Yesterday You Said Tomorrow does nothing but confirm all of the above. Working with a different band than on Anthem, only guitarist Matthew Stevens remains, Scott turns up the intensity by working in a much more subdued realm. With the use of a breathy tone, many times placed inside a harmon mute wrapping, Scott gets not only inside the trumpet more than in the past, but also more inside his own compositions. Able to channel both Miles Davis’ early 1950s style and Woody Shaw’s tempestuously exciting nature, without stealing from either, Scott is his own man.
The band’s interplay is stellar. With Stevens touching just the outside limits of the chordal implications pianist Milton Fletcher is able to dig into the core of the harmonic motion. Their work together throughout is firmly in-the-moment as clearly as any of the work McCoy Tyner and Elvin Jones were able to create in support of John Coltrane. Jamire Williams’ drums and Kris Funn’s bass lock the rhythm when needed, as on "Jenacide," or swirl touches of expressionistic colors as on "The Eraser" and "An Unending Repentance," with the best of any duo.
Scott’s voice, however, is why jazz aficionados will flock to this recording.

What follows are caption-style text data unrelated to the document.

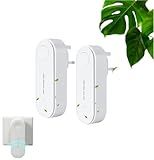 2PCS Magair Air Purifie, Magair Air Purifier Plug In With Replacement Filter, Suitable For Bedrooms, Toilets, Closets, Pet Room (White)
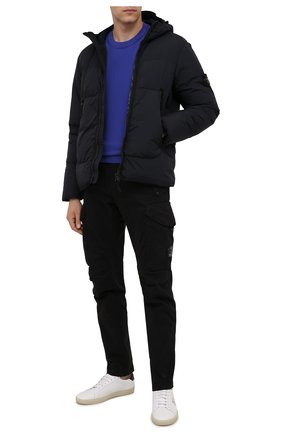 Мужская пуховая куртка STONE ISLAND темно-синего цвета по цене 69950 руб., арт. 751540123 | Фото 2 Мужская пуховая куртка STONE ISLAND темно-синего цвета, арт. 751540123 | Фото 2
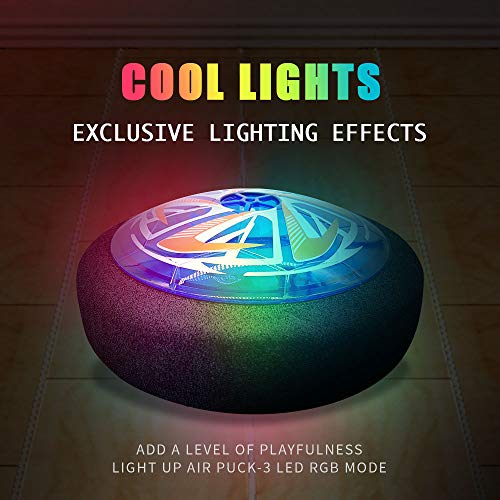 image for DYY Hover Hockey Set, RGB Led Light Hockey Gifts for Boys, Indoor Outd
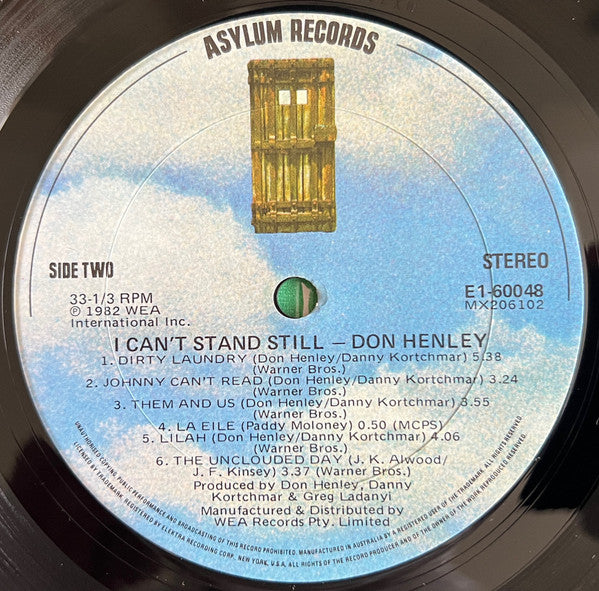 Don Henley – I Can't Stand Still LP vinyl record, image 4 of 6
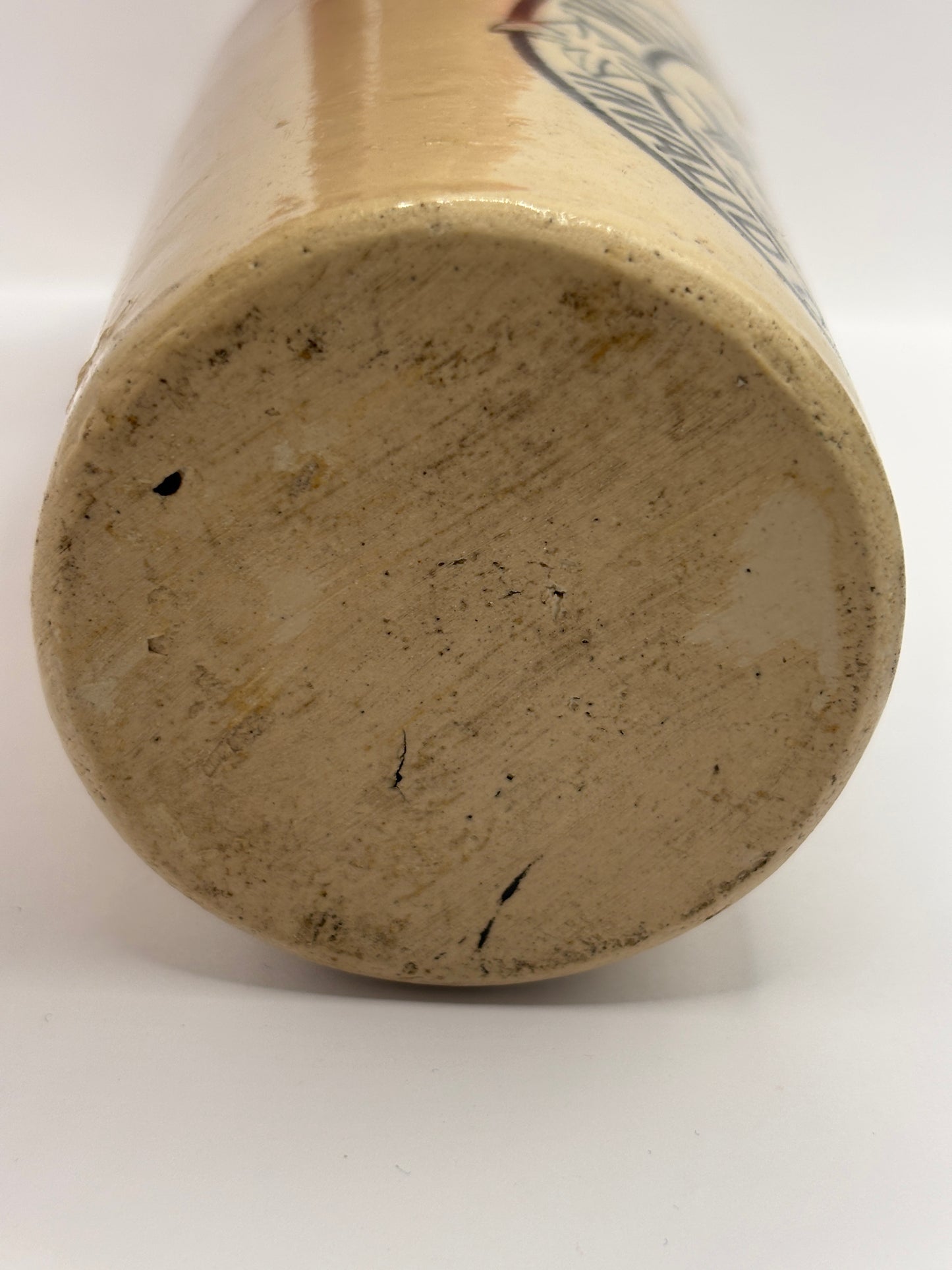 Old stoneware stout bottle, William Rows invalid dublin stout. Newcastle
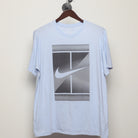 Front view of Vintage 2010s Nike Tennis Court Graphic T-Shirt XL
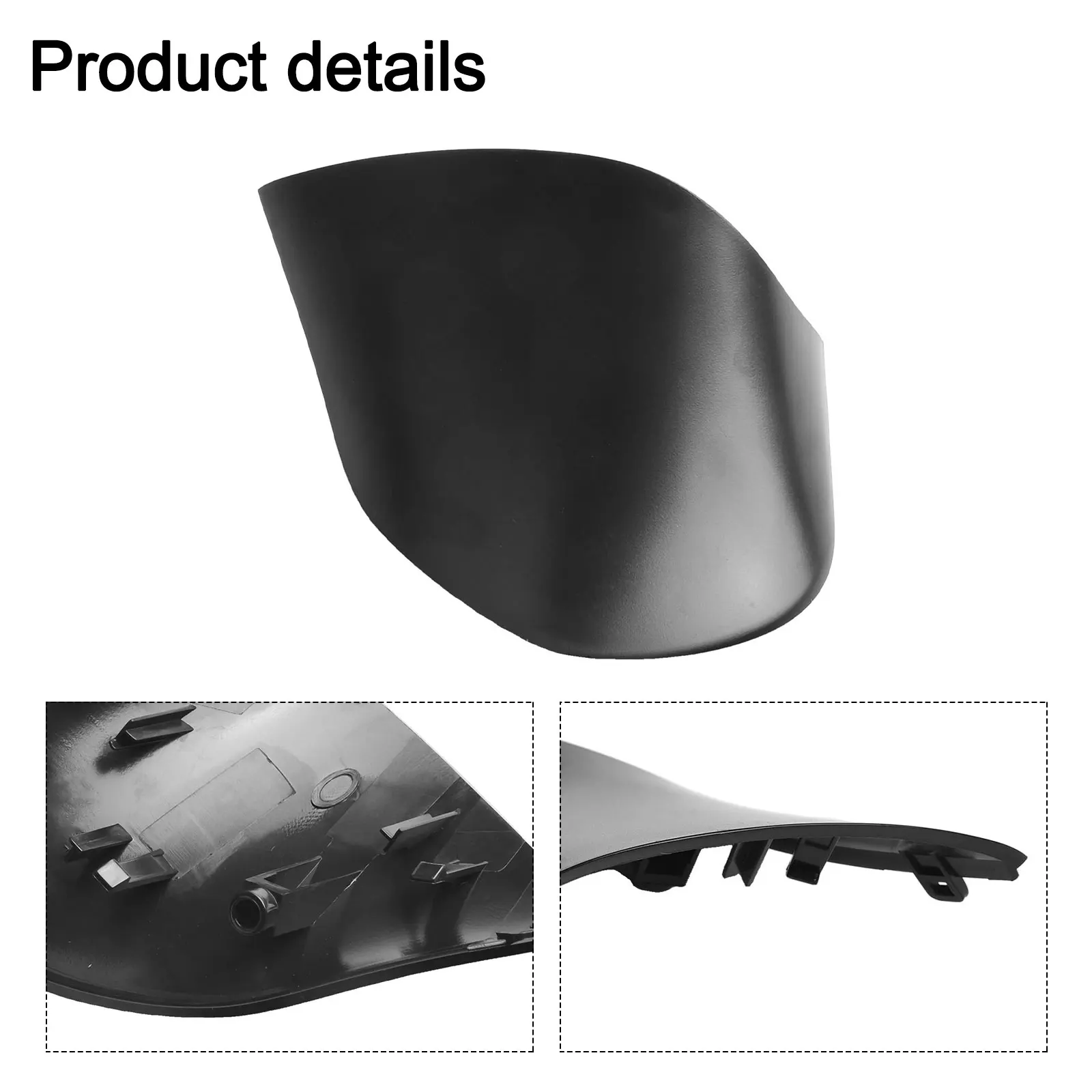 Sleek and Finished Look Car Side Mirror Cover Frame for Mazda 6 2018 2021 Heated Lens Rear View Mirror Bottom Cover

His strong ripping horn, as on "Angola, LA & The 13th Amendment," and "Jenacide," doesn’t point the way so much as roundup the usual suspects and grill each of them in-turn. By using a harmonic language that makes no reference to cliché or tricks-of-the-trade Scott is able to stay clearly on target, presenting alternative conceptions in each successive improvised phrase; a rare talent only achieved through hard work and study that informs but never dictates his lines. The breathy moments, in turn, interspersed throughout, don’t color so much as make side observations.
This recording is neither hard-bop, cool jazz, modernistic, post-modernist or free. It is all of the above just as much as it is non-of-the-above. When placed in the context of Anthem, Yesterday is both the next step and not at all connected. That is the joy of Scott, each release is something new. Not since Miles and Douglas have we seen this with a trumpeter. It only makes the anticipation for the next recording that much more eagerly anticipated, but don’t worry if you have to wait another year for that one because there is much in the last two releases to occupy the mind endlessly.